1. AI‑generated “morged” content is a new form of plagiarism
- “Morged” is a word the LLM that ripped off the article author’s diagram hallucinated. – ChristianJacobs
- “The diagram was both well‑known enough and obviously AI‑slop‑y enough that it was easy to spot as plagiarism.” – alex_suzuki
- “It was a careless copy‑paste of someone else’s work.” – AshleysBrain
2. Microsoft’s documentation process is broken and sloppy
- “It took ~5 months for anyone to notice and fix something that is obviously wrong at a glance.” – aftergibson
- “Everyone is running at a velocity where quality, craft and care are optional luxuries.” – aftergibson
- “The model makers attempt to add guardrails to prevent this but it's not perfect.” – rzmmm
3. AI‑slop is spreading beyond Microsoft, harming overall content quality
- “Everyone is running at a velocity where quality, craft and care are optional luxuries.” – aftergibson (re‑used)

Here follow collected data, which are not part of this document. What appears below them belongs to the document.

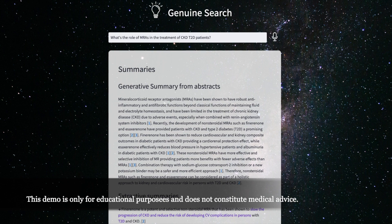Let's look at another example. Here the question is: what's the role of MRAs in the treatment of CKD type 2 diabetes patients? As you can see, we have a summary of the abstract of the relevant articles with references, and also exact pieces extracted. It's quite important to do model fine-tuning, or prompt engineering, or both, to reduce the chance of hallucination, which means we want both the pieces of information and the references to be correct.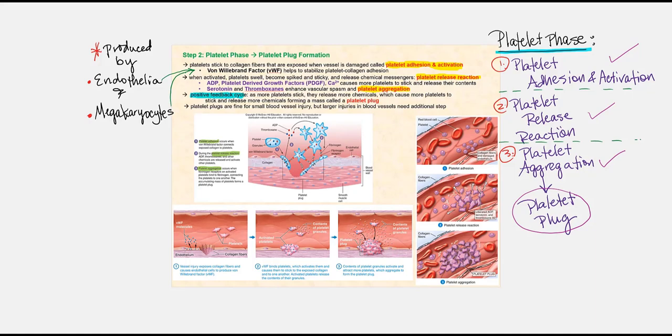There is a glycoprotein called von Willebrand factor that is crucial in platelet adhesion and eventual activation. This glycoprotein is produced by the endothelium at the site of injury and by megakaryocytes in the red bone marrow, which maintain a certain concentration of von Willebrand factor in plasma. Once the platelets are activated, they release their cytoplasmic granules — this is the platelet release reaction — releasing ADP, PDGF, calcium, serotonin, and thromboxanes.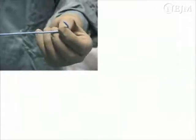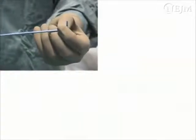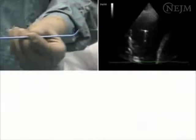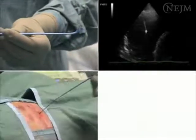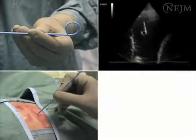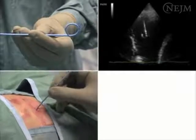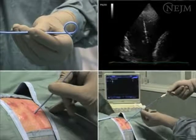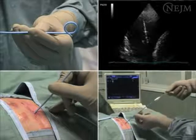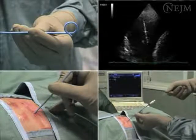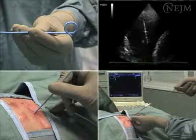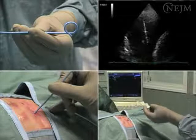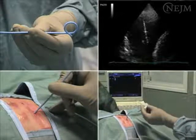Ultrasound guidance is currently considered to be the safest means of positioning a pleural catheter and draining a pleural effusion. This technique requires the development of skill in the use of ultrasonography and in catheter placement. Careful selection of patients for whom the procedure is appropriate, the presence of an experienced operator, and access to a detailed clinical protocol can minimize complications.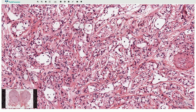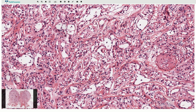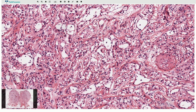We recognize a few morphological patterns of adenomatoid tumor. One of them is angiomatoid or canalicular, and this is probably this case — a lot of these empty spaces look like vascular channels lined by flattened endothelial-like cells.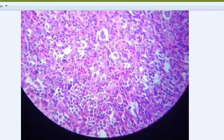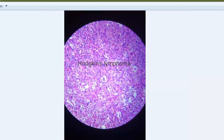You should be able to see Reed-Sternberg cells in this slide. This is Hodgkin's lymphoma. It is a neoplasm of the lymphoid tissue - the normal architecture of the lymph node is distorted. You will see tumor giant cells like Reed-Sternberg cells, which can be mononucleate or binucleate with owl's eye appearance. They have prominent eosinophilic nucleoli.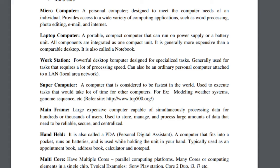Next, we have the supercomputer — from the word itself, super. It's a computer that is considered to be the fastest in the world. It is used to execute tasks that would take a lot of time for other computers, such as modeling weather systems and genome sequencing. For example, PAGASA uses supercomputers — because what would happen if we cannot detect weather systems?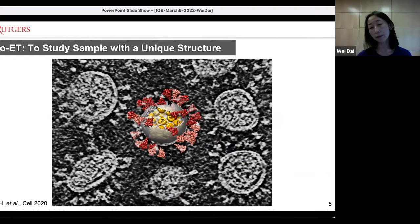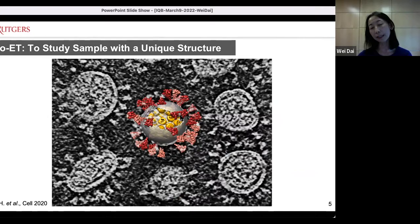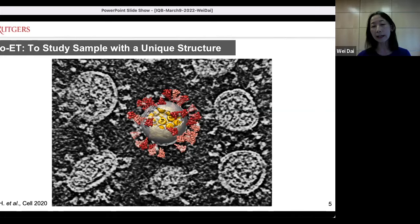Because tomography captures the actual structure, we can apply it to study unique structures. This is a 3D reconstruction of the SARS-CoV-2 viral particle on the background of a tomogram slice. From the 3D reconstruction, you can see the envelope is decorated with spike proteins, but it's not uniformly decorated — each individual particle has its unique set of spike proteins. The sizes, morphology, or even general packing in those particles may not be uniform. If you average all those particles applying single particle analysis, all that information will be lost.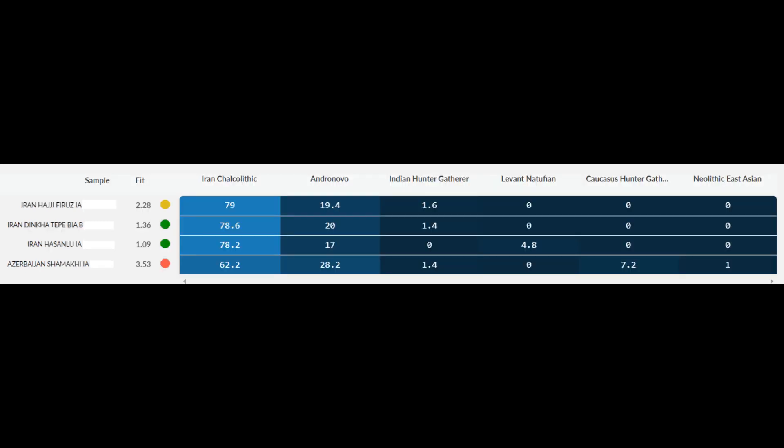Here are the distances for the Iron Age Iranians. For the most part they're less than two, but in the Haji Firouz sample it's at 2.28 and in the Shamahki sample it's at 3.53. This suggests that in contrast to Andronovo heritage these samples likely had ancestry from a catacomb source, so using a catacomb steppe source would likely produce better fits. Also notable is that in the Iranian samples there are tiny amounts of Indian hunter-gatherer and Natufian ancestry, meaning this ancestry was part of the Iranian genome even during the Iron Age.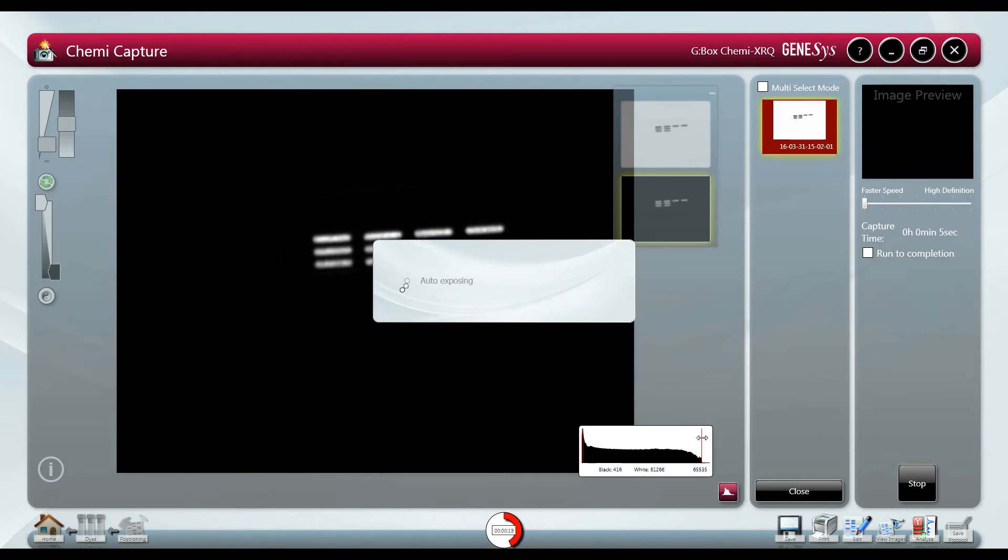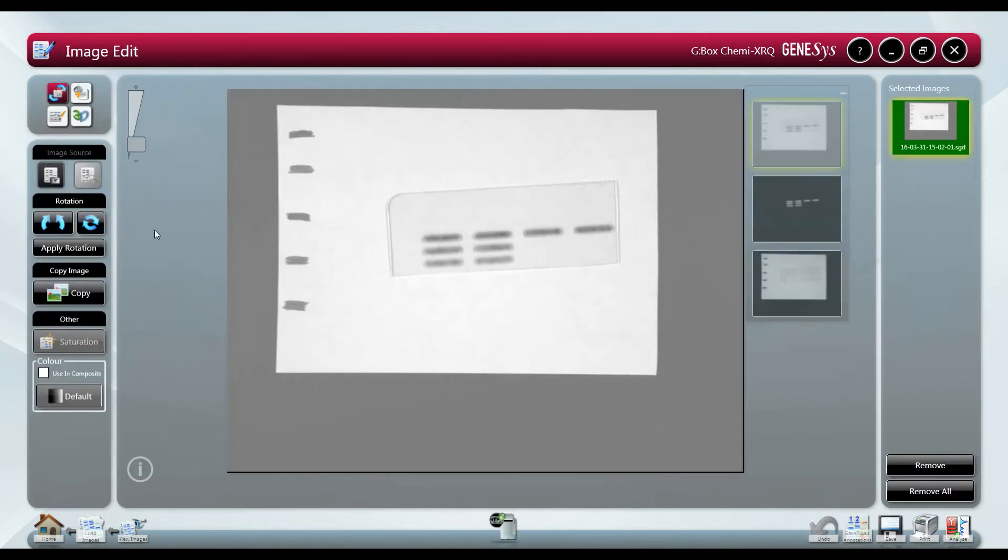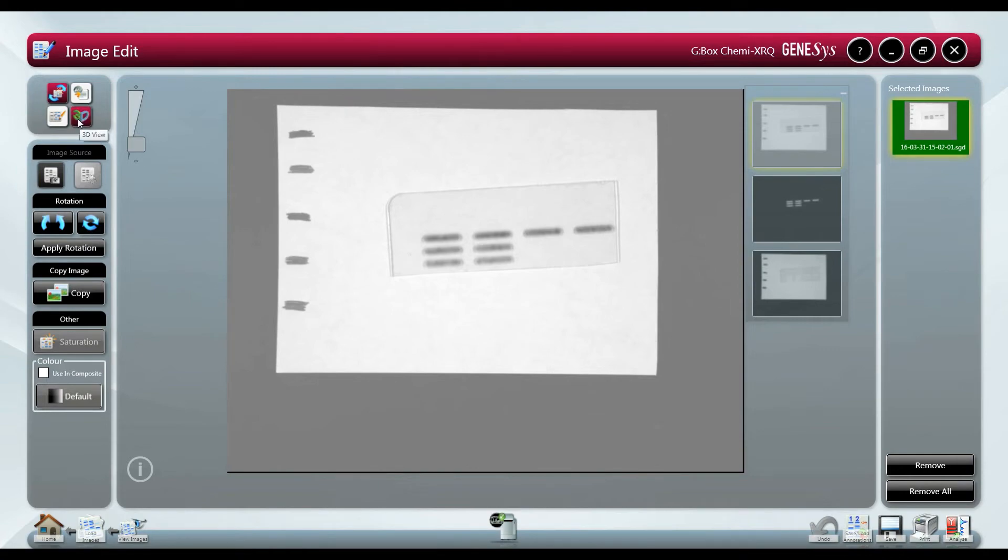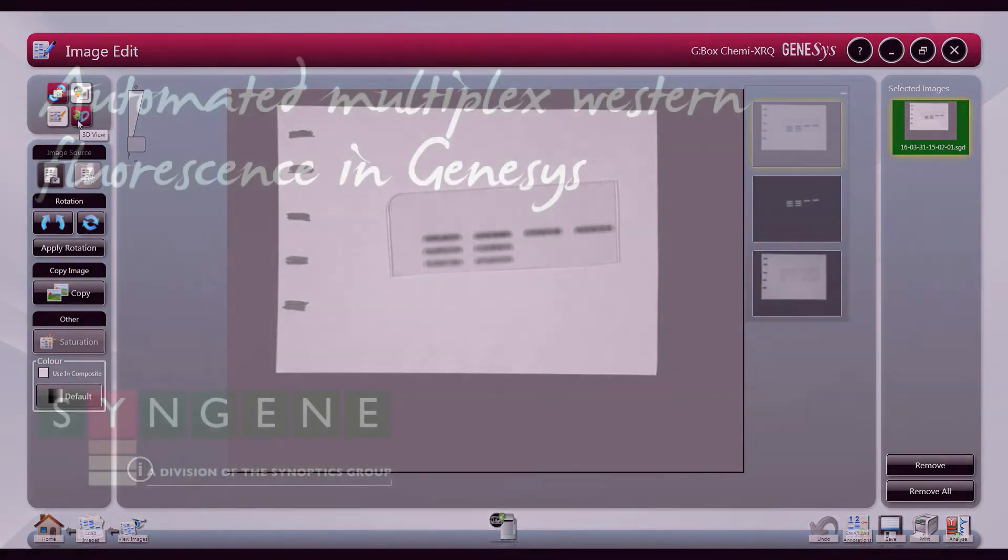The histogram shows the level of gray scales captured with the maximum number available at 65,500. We can also add annotations to the image and directly export to gene tools for quick and simple quantification of your blot.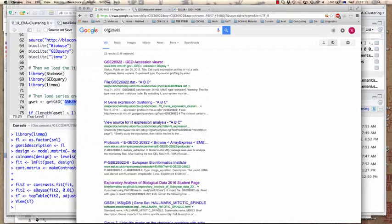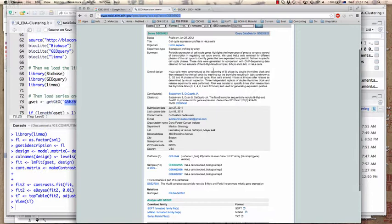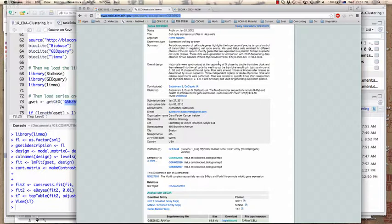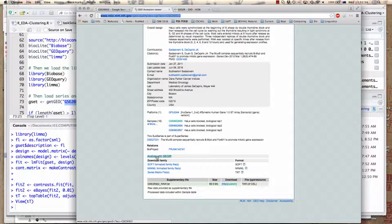If we simply Google for the string GSE 26922, we get the GEO accession viewer, which has information on the dataset — what it contains, periodic expression of cell cycle genes, and so on. There's a link called 'Analyze with Geo2R', and I'd like to briefly introduce this tool to you.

- “The flood of ‘plastic’ incarnations of everything is abominable.” – blibble
- “AI slop is everywhere – LinkedIn, blogs, tutorials.” – cwal37
4. The debate over attribution, responsibility, and legal risk
- “If it wasn't before, it will be now.” – nvader (implying future legal exposure)
- “Mass copyright infringement is prosecuted if you're Aaron Schwartz but legal if you're an AI megacorp.” – pjc50
- “The author is lucky to have such an obvious association.” – mns (highlighting the need for credit)
These four threads—AI‑generated plagiarism, Microsoft’s lax QA, the wider spread of AI slop, and the legal/ethical fallout—dominate the discussion.